Sono solo alcune delle iniziative e delle imprese nate negli ultimi tre anni grazie al progetto "Restart Tunisie" guidato da Cospe, Ong con sede a Firenze che ha coinvolto un ampio consorzio di partner in cinque regioni della Tunisia.

Restart - finanziato dall'Agenzia italiana per la cooperazione allo sviluppo (Aics) - è un acronimo per Riqualificazione Ecologica e Sociale dei Territori Attraverso il Rilancio dell'imprenditoria dei giovani in Tunisia. Il progetto, giunto ormai a conclusione, viene illustrato nel nuovo sito "Restart Tunisie" (https://tunisia.cospe.org/restart/), che non solo racconta queste e altre storie di start-up e imprenditori, ma illustra con testi di approfondimento il contesto socio-economico in cui sono nate, la situazione attuale dell'economia tunisina e le sfide aperte per la tutela ambientale. Solo sullo sfondo resta il tema dell'emigrazione, perché i protagonisti di Restart Tunisie hanno appunto scelto di rimanere in patria, anche se per molti di loro - grazie a studi universitari e competenze - sarebbero relativamente facile andare per vie legali in Europa o in Canada.

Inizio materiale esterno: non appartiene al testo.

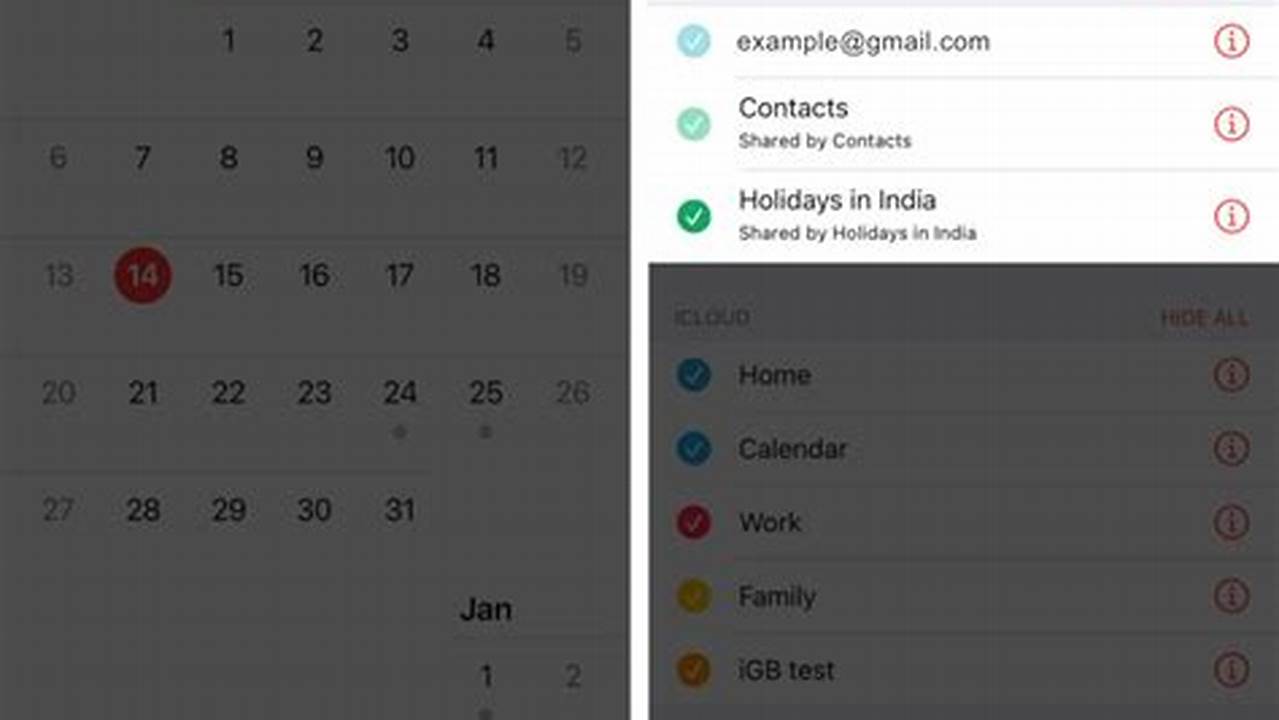 Enable Google Calendar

Nei luoghi dove la crisi economica è più forte, si legge sulla homepage del sito presentato nei giorni scorsi a Tunisi, il progetto Restart "ha sostenuto i poli territoriali per la promozione dell'economia sociale e solidale e rafforzato gli spazi di incubazione e innovazione di impresa e delle reti di imprese sociali". E ha puntato a fornire soluzioni alla marginalizzazione lavorativa e sociale dei giovani e "al diffuso senso di alienazione nelle nuove generazioni nei confronti delle loro comunità e del territorio", offrendo "alternative di sviluppo sostenibile che nascono dal basso". Una delle chiavi del progetto sta nella scelta non solo di puntare sulle donne e sui giovani, ma anche di sostenere i loro progetti con percorsi formativi e di accompagnamento in tutte le fasi della nascita dell'impresa, dalla difficile ricerca dei crediti bancari fino alle prime strategie operative e commerciali. I prestiti internazionali e i fondi per la cooperazione allo sviluppo, che pur hanno accompagnato la nuova Tunisia nell'ultimo decennio post- rivoluzionario, sono infatti necessari ma non sufficienti per avviare processi di sviluppo virtuosi, capaci di avere effetti tangibili e duraturi nel tessuto economico e sociale. Da qui la necessità, secondo i promotori, di una rete di sostegno formata da università, istituzioni e reti dell'associazionismo locale, oltre che da esperti con conoscenza diretta della realtà sul terreno. Uno di questi è Khaled Allumi. "La Tunisia non andrà a picco grazie alla preparazione dei suoi giovani - dichiara in un'intervista riportata sul sito - ma l'Europa avrebbe più vantaggi nell'aprire le porte con visti temporanei invece che chiuderle". Tanto che, aggiunge, dovrebbe perfino "pagare la Tunisia per aver curato la formazione dei giovani più qualificati che scelgono di emigrare, come fanno le squadre di calcio che acquistano i campioni".